Referring to Theme typography/Theme Font Manager in custom CSS

I'm doing some custom CSS for the tabs (you really need a better default styling for those) and I discovered #ufc0 et al.

It was a bit of a surprise to me that after changing the fonts in the theme settings that many of the visual elements in the theme maintained the original fonts. I see that is because the custom CSS is referring to the font directly, rather than using something like #uff0, or creating custom font names like UpFrontFontOne, as noted in http://stackoverflow.com/questions/14259560/is-it-possible-to-specify-custom-name-for-a-google-font.

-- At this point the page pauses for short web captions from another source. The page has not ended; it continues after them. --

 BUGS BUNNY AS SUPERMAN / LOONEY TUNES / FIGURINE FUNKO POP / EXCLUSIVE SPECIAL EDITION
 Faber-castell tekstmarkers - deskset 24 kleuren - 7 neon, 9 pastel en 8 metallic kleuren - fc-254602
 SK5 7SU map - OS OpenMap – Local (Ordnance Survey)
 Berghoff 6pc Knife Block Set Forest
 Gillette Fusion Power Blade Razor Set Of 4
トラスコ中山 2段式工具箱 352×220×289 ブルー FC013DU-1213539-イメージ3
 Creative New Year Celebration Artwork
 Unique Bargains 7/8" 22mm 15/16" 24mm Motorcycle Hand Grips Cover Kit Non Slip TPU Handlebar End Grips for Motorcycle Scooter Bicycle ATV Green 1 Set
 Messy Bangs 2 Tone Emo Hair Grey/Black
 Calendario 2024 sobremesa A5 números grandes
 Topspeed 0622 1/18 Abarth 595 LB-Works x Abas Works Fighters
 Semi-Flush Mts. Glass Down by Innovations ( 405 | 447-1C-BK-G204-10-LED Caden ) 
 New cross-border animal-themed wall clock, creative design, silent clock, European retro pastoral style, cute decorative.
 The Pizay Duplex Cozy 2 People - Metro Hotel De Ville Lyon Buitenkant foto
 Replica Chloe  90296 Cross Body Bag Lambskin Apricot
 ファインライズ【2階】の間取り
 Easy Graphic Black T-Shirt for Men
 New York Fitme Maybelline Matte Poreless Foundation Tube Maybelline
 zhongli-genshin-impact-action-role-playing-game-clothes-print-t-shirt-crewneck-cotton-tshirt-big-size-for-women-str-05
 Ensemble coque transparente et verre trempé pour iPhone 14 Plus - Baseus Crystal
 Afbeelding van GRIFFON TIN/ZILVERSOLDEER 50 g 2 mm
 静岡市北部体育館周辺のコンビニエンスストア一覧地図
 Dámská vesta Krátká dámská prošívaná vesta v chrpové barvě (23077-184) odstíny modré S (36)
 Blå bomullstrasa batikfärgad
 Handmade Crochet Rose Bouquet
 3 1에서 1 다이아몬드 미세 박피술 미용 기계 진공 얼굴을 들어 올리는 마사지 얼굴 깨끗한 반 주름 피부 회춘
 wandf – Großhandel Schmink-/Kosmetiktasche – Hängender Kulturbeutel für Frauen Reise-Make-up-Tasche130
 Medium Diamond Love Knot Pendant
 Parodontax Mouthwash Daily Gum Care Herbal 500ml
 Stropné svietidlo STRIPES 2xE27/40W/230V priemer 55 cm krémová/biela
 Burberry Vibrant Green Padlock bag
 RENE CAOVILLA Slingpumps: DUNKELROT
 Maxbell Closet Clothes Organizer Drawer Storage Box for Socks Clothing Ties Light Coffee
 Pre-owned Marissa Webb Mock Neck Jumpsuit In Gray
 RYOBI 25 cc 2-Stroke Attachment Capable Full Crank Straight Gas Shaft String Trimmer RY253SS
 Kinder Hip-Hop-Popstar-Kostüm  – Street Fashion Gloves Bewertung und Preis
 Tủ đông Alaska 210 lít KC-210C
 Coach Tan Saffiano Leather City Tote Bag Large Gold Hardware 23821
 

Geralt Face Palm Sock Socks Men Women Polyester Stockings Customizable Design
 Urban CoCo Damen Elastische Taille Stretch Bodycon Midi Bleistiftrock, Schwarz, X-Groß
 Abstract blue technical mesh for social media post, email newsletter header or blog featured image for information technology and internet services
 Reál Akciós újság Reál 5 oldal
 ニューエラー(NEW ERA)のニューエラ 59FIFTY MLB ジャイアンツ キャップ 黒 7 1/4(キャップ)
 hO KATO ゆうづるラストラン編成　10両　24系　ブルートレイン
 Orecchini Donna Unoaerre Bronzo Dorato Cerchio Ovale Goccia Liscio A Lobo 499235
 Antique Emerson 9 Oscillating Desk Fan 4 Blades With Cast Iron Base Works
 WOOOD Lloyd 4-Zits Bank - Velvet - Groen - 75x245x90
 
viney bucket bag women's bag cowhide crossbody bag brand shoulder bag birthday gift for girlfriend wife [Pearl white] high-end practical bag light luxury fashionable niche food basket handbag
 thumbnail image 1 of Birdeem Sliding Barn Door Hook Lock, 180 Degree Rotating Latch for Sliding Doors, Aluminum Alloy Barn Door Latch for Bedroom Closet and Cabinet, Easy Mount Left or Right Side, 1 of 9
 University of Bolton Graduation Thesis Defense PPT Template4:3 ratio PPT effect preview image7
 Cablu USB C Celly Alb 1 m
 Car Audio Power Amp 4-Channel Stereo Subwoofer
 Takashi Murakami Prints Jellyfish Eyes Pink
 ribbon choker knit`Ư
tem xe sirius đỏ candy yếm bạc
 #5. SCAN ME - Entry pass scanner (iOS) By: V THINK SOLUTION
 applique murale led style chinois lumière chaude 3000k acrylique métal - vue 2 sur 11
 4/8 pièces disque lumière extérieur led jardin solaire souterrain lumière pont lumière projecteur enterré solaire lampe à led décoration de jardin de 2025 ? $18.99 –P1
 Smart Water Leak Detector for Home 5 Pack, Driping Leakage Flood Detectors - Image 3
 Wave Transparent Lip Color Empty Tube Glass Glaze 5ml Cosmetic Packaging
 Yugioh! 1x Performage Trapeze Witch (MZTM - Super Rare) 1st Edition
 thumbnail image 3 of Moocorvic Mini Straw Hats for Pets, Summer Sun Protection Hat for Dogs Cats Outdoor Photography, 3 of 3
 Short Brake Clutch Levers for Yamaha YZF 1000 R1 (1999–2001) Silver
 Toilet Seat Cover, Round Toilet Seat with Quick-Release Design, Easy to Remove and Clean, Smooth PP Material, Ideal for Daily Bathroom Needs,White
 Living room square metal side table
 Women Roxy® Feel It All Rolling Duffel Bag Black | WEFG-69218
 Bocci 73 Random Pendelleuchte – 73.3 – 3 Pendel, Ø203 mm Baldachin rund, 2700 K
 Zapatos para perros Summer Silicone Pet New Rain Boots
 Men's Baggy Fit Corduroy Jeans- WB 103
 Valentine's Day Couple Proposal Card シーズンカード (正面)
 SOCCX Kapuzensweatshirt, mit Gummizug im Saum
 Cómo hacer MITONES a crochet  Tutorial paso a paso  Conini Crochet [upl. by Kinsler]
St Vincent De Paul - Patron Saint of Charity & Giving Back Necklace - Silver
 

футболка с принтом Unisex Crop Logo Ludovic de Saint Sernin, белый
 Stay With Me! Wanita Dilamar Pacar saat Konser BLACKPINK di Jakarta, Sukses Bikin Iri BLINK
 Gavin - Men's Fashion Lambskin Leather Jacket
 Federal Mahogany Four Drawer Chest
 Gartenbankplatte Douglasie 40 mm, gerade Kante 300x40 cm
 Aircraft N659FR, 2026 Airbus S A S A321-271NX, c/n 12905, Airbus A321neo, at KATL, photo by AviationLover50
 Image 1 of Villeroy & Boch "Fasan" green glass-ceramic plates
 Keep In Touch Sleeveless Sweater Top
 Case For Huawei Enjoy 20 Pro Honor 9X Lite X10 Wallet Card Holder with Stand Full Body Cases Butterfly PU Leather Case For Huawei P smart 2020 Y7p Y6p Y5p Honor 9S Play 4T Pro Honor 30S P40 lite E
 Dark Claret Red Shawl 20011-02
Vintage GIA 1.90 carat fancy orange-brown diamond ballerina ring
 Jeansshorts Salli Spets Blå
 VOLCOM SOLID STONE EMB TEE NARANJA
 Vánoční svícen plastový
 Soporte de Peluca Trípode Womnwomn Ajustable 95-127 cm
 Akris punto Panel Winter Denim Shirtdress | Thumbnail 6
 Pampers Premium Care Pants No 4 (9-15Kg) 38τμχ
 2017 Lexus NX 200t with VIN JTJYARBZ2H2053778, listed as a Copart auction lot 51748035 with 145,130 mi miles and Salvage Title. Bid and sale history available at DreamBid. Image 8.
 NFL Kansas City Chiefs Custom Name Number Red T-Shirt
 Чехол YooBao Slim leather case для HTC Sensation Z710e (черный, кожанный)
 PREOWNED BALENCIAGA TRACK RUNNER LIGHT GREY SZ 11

So have I just not seen the magic document that tells me how to do this, or do I need to make a feature request.

  • Adam

    I started with Panino because it was sorta, kinda like what I wanted, or so I thought. What I expected when I changed the font from Special Elite to Lato in the theme font manager, was that all the instances of Special Elite in CSS to become Lato, which is not what happened.

    I can set the fonts, but I have to go and edit the CSS manually. This is not an insurmountable issue; I know how to do what I want.

    I'd like to eventually create my own child themes and have my equivalent of u-menu-themes to update both the font and color when I make changes in the theme settings. Right now, only color will change and that's a nuisance.

  • Adam

    Jude,

    I have no particular problem with that notion, but it can be made a matter of presence. Look at the theme colours. I am under no obligation to use #ufc0 in my customizations, but doing so is helpful to my situation. By coincidence the default child themes also use those values, and I am free to go find those values and change them to what I want.

    The same here.

    The standard child themes may, or may not, use the theme fonts and anyone who wants to go and change it to something specific for their theme. This will be most common among folks who get themes for their individual site. If the defaults use static font names, I'll go and replace them with theme names.

    I suspect that anyone who is using these themes for a business of some sort, particularly with self-serve styling, would get fewer support calls if they had the option of using themed font names.

    My preference is to follow the questioner in the above linked SO article and simply define the fonts using theme specific names, rather than their "real" names. This way I can use them in the plugins I have to customize. It too bad there's no way to do that with colours (hmm, I should look for a hook in your docs before I say that) but one is better than none.